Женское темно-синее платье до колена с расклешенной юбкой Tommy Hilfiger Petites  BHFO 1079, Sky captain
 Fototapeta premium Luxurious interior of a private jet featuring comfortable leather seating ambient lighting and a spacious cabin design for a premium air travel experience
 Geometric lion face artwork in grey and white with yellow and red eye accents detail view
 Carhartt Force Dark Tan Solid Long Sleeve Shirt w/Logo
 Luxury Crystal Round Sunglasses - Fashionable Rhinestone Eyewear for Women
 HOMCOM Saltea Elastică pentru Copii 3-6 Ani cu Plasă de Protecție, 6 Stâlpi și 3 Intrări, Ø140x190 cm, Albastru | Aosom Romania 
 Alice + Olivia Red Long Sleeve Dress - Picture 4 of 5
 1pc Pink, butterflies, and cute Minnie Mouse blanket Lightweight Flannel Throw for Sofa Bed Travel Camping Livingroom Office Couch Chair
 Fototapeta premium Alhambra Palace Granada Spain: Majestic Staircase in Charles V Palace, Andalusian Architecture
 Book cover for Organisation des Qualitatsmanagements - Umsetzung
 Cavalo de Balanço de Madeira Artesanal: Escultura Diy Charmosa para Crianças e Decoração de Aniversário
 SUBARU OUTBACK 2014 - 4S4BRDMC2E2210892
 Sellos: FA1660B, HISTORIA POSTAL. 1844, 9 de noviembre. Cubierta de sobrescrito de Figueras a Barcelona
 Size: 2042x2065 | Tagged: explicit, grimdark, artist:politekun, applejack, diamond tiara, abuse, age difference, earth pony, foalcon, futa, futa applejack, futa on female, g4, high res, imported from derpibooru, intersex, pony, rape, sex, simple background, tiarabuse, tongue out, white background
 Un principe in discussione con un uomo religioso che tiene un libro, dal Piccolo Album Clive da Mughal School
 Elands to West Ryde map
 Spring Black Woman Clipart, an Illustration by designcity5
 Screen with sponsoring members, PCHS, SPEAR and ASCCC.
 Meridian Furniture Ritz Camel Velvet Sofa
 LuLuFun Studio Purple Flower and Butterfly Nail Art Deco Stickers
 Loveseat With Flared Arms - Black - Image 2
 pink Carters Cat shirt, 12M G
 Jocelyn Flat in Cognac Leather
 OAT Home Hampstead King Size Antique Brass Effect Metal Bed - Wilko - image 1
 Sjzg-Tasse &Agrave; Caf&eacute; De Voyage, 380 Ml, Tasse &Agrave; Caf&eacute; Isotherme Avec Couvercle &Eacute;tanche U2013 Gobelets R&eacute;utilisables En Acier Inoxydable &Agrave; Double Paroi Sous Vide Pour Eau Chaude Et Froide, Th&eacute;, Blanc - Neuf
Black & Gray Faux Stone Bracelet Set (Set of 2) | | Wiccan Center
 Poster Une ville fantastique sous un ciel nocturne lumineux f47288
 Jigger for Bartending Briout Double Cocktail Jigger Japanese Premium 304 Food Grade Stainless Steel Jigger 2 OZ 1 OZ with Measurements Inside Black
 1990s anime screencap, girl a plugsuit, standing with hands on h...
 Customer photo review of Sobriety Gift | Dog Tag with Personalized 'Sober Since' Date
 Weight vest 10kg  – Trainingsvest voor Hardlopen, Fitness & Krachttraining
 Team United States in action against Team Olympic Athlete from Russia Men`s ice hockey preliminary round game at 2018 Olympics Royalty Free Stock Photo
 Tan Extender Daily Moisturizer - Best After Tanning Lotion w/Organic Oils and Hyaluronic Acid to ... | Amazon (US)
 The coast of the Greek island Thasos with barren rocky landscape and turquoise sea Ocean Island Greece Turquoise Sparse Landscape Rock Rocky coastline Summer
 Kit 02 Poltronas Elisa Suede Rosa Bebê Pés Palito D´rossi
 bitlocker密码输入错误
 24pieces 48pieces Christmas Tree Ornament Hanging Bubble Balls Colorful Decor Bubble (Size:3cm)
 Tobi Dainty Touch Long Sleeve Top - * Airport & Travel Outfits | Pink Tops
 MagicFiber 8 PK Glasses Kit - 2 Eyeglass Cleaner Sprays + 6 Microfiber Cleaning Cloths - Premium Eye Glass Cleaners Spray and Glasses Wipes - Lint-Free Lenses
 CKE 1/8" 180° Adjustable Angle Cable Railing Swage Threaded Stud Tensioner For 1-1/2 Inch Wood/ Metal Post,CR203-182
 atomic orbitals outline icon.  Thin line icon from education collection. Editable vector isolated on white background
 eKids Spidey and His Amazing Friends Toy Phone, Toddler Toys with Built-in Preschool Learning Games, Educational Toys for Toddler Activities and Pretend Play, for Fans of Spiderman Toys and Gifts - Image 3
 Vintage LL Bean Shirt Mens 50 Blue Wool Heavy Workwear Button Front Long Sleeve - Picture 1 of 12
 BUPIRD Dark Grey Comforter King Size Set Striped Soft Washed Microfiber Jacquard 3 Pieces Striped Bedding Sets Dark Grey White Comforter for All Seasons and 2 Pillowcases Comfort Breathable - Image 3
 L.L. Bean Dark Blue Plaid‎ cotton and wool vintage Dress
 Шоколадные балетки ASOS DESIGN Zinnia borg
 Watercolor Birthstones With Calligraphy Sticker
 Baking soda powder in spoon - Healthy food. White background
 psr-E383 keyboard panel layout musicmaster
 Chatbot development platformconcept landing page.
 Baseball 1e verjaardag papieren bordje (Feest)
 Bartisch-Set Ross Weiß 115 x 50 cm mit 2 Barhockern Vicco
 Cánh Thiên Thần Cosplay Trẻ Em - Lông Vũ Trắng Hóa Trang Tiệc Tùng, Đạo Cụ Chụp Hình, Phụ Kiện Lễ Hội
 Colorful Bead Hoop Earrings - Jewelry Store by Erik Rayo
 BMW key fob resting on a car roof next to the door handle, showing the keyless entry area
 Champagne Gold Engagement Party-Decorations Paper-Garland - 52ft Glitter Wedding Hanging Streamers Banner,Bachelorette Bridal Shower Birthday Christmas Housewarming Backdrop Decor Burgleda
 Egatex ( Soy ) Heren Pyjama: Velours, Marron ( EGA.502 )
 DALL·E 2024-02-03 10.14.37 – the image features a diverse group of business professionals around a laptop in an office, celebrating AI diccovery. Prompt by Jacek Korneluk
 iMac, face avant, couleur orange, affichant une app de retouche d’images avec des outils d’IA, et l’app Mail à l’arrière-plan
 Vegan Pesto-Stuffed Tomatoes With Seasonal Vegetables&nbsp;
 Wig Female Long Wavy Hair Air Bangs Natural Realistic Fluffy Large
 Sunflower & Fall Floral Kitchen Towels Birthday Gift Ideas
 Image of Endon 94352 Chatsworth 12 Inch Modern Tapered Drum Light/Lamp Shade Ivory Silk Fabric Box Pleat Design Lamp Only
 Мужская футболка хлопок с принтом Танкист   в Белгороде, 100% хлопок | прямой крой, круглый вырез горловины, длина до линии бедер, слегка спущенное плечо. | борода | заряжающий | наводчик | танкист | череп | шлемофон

================

• **Task goal**
Give the exact lines, and only those, from the line containing "HOMCOM Saltea Elastică" through the line containing "1pc Pink, butterflies, and" in the entries above.

• **Response area**
 HOMCOM Saltea Elastică pentru Copii 3-6 Ani cu Plasă de Protecție, 6 Stâlpi și 3 Intrări, Ø140x190 cm, Albastru | Aosom Romania 
 Alice + Olivia Red Long Sleeve Dress - Picture 4 of 5
 1pc Pink, butterflies, and cute Minnie Mouse blanket Lightweight Flannel Throw for Sofa Bed Travel Camping Livingroom Office Couch Chair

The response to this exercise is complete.